◆ **Assignment**:
Each entry should be given again exactly, with any image left out.

◆ **Provided entries**:
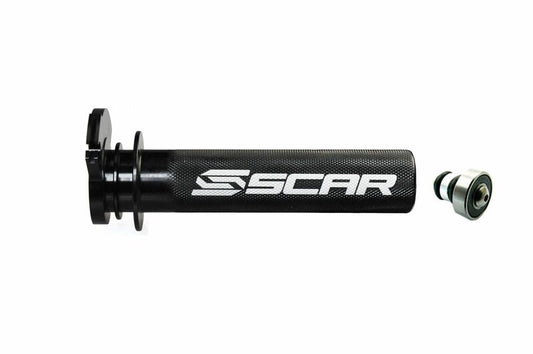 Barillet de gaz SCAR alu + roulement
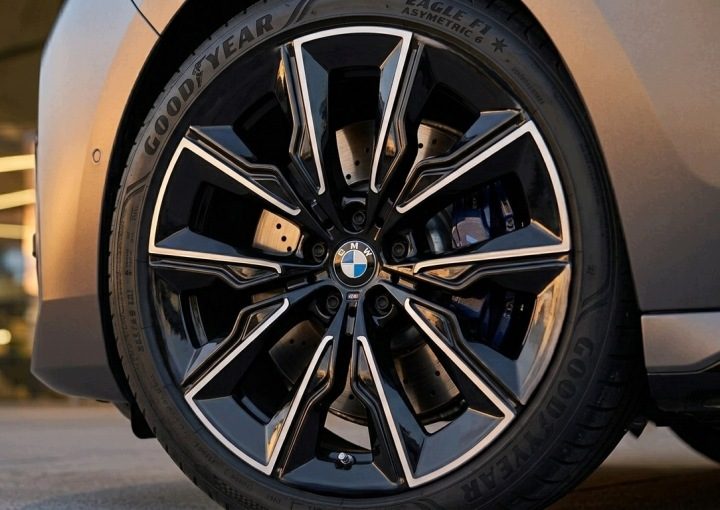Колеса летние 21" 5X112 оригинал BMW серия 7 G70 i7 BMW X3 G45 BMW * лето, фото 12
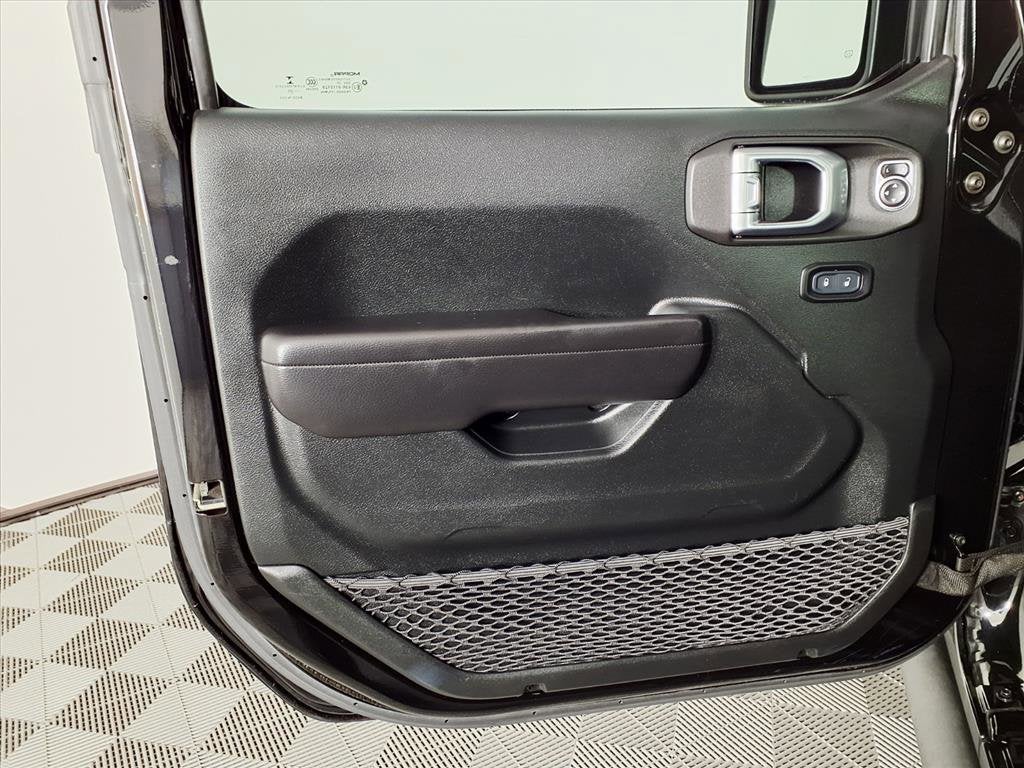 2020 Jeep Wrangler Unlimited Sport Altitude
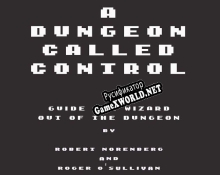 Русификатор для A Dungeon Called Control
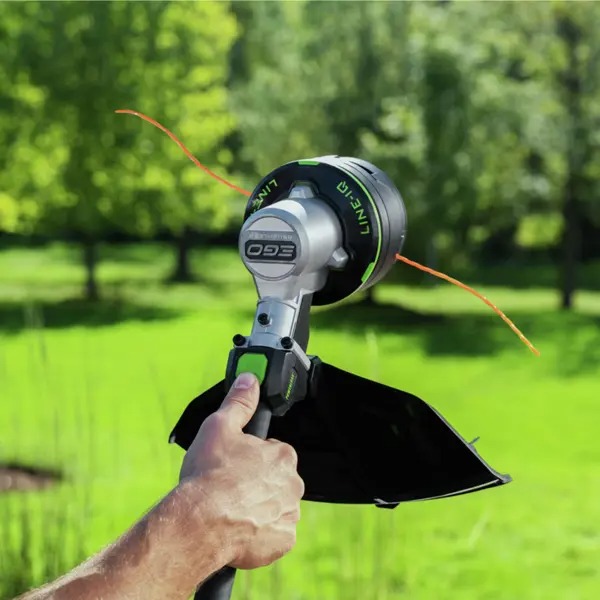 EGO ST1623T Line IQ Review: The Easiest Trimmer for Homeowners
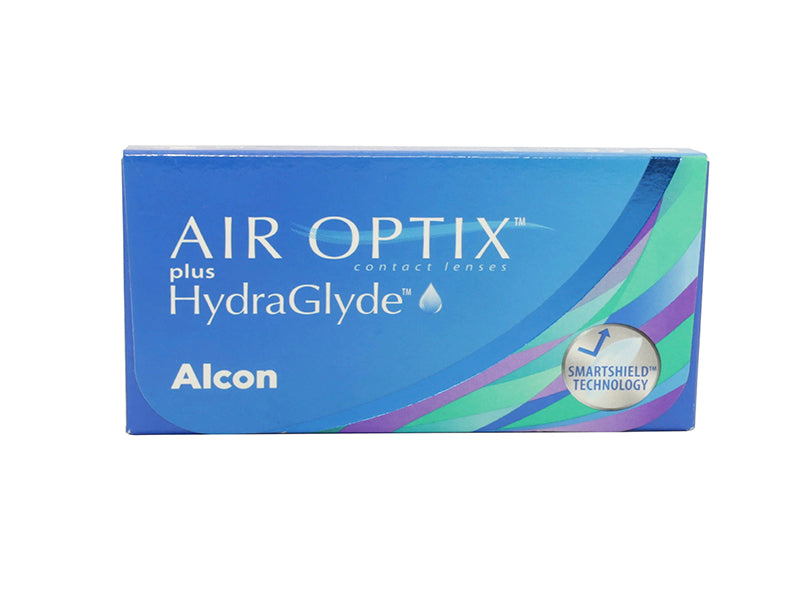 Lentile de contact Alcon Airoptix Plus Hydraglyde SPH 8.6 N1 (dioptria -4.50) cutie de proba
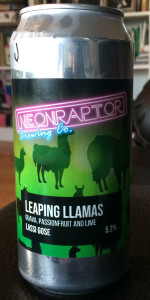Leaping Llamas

◆ **Answer box**:
 Barillet de gaz SCAR alu + roulement
Колеса летние 21" 5X112 оригинал BMW серия 7 G70 i7 BMW X3 G45 BMW * лето, фото 12
 2020 Jeep Wrangler Unlimited Sport Altitude
 Русификатор для A Dungeon Called Control
 EGO ST1623T Line IQ Review: The Easiest Trimmer for Homeowners
 Lentile de contact Alcon Airoptix Plus Hydraglyde SPH 8.6 N1 (dioptria -4.50) cutie de proba
Leaping Llamas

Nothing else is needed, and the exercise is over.